Récemment, l’Autriche a remporté le concours de l’Eurovision grâce à un travesti à barbe. Au delà de la performance musicale, les regards se sont posés sur l’identité de drag queen de Conchita Wurst, de son vrai nom Tom Neuwirth, qui s’était lancé sans grand succès dans la chanson en passant dans des émissions télévisées. Il est reconnu comme artiste à part entière, par le public, depuis qu’il a créé son personnage dont le nom signifie saucisse et dont le prénom fait référence au sexe féminin en argot espagnol. Ses trois seules chansons parlent de son histoire personnelle et de sa décision de se travestir : « Unbreakable », « That’s what I am », et « Rise like a Phoenix », le morceau de l’eurovision. Récupérant l’épiphénomène médiatique, Jean Paul Gaultier l’a ensuite affublé d’une robe noire rouge et or et du pseudonyme de « zizi impératrice » pour son dernier défilé, dans le but de questionner, la fabrication politique, historique culturelle du dispositif sexe/ genre et de troubler, à son tour, l’hégémonie hétérosexuelle. « Ma barbe est une preuve qu’on peut parvenir à tout, peu importe qui vous êtes et votre apparence, a affirmé Conchita Wurst dans son discours de remerciement…. L’Eurovision célèbre la tolérance, l’acceptation et l’amour ». « Quand on a vu la haine envers les homosexuels qui s’est déchaînée en Russie lors de la préparation des Jeux olympiques de Sotchi, on s’est dit qu’il était important d’affirmer qu’en Autriche, on soutenait la diversité sous toutes ses formes », a expliqué le directeur des divertissements de l’ORF qui a appelé les Autrichiens à se tricoter de fausses barbes en guise de soutien.
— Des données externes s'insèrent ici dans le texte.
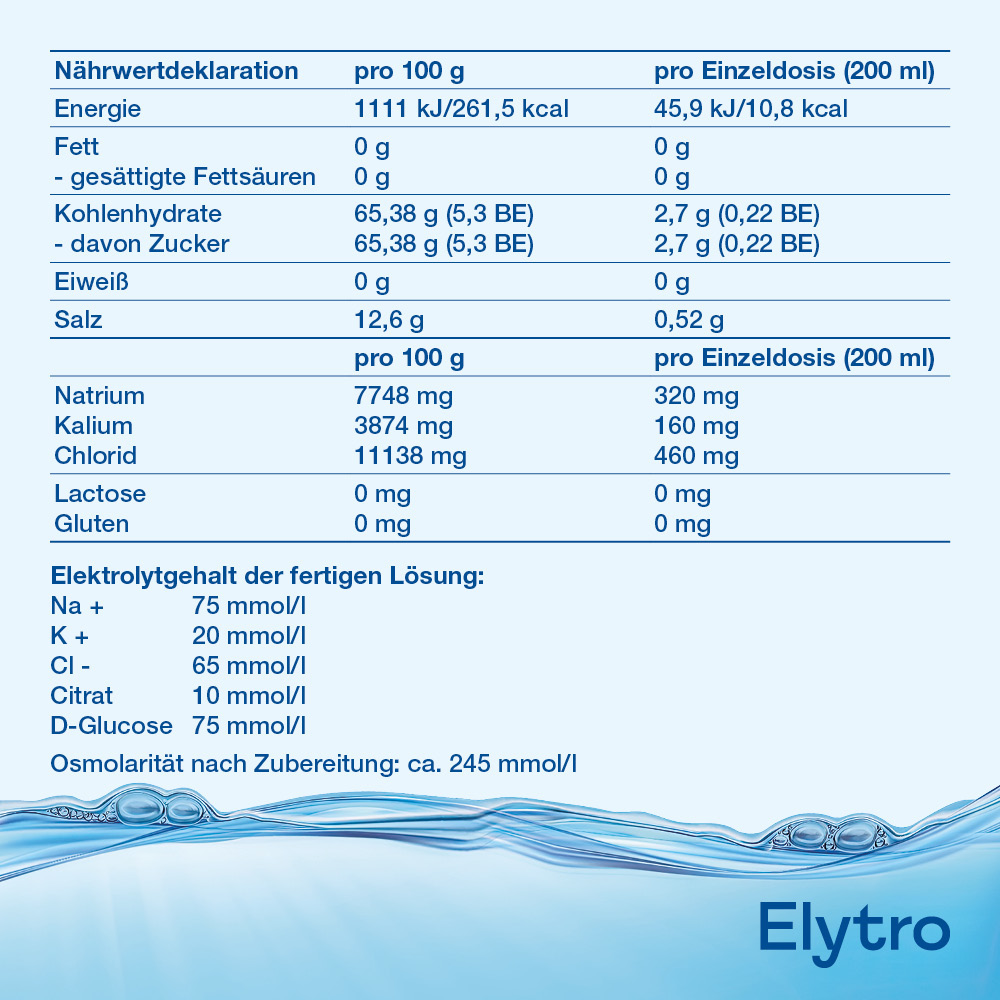 Elytro Glucose-Elektrolyt-Mischung 20 St Pulver zur Herstellung einer Lösung zum Einnehmen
Ce n’était pas la première fois qu’un transgenre remportait l’Eurovision ; Dana International, qui avait changé de sexe pour devenir une femme, l’avait précédé avec « Diva », pour Israël, en 1998. Moins connu du grand public, Joël Hubaut, un artiste multicarte, dessinateur, écrivain, chanteur…, perturbe, depuis 1970, les classifications et combat « les rouages modélisées dominants qui nous contaminent, moulent et conditionnent » en passant d’une identité à l’autre. Dans la lignée de Deleuze et Guattari, il traduit les constants glissements de l’être, porteur de multiples identités : « devenir ce dont nous rêvons sur le plan professionnel, affectif, sexuel, l’homme évolue toujours vers plusieurs devenirs simultanés », affirme-t- il.
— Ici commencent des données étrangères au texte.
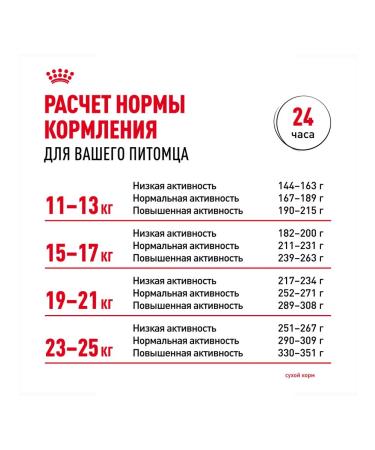 ROYAL CANIN Dry Medium Digestive Care for dogs 3 kg 2 pcs - Buy Online on GoSupps.com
Remarquons que les interventions sur le réel du corps avec la chirurgie transformatrice, et l’hormonothérapie, ne sont toutefois pas l’apanage des seuls LGBT, qu’on se réfère au bodybuilding, aux régimes, aux tatouages, aux piercing….. Aujourd’hui, chacun peut se créer un corps conforme aux canons esthétiques du féminin ou du masculin, de l’androgynie, ou de ses propres convictions esthétiques, c’est une question de décision personnelle et de moyens financiers. Dans cette logique on pourrait voir surgir toutes sortes d’identités !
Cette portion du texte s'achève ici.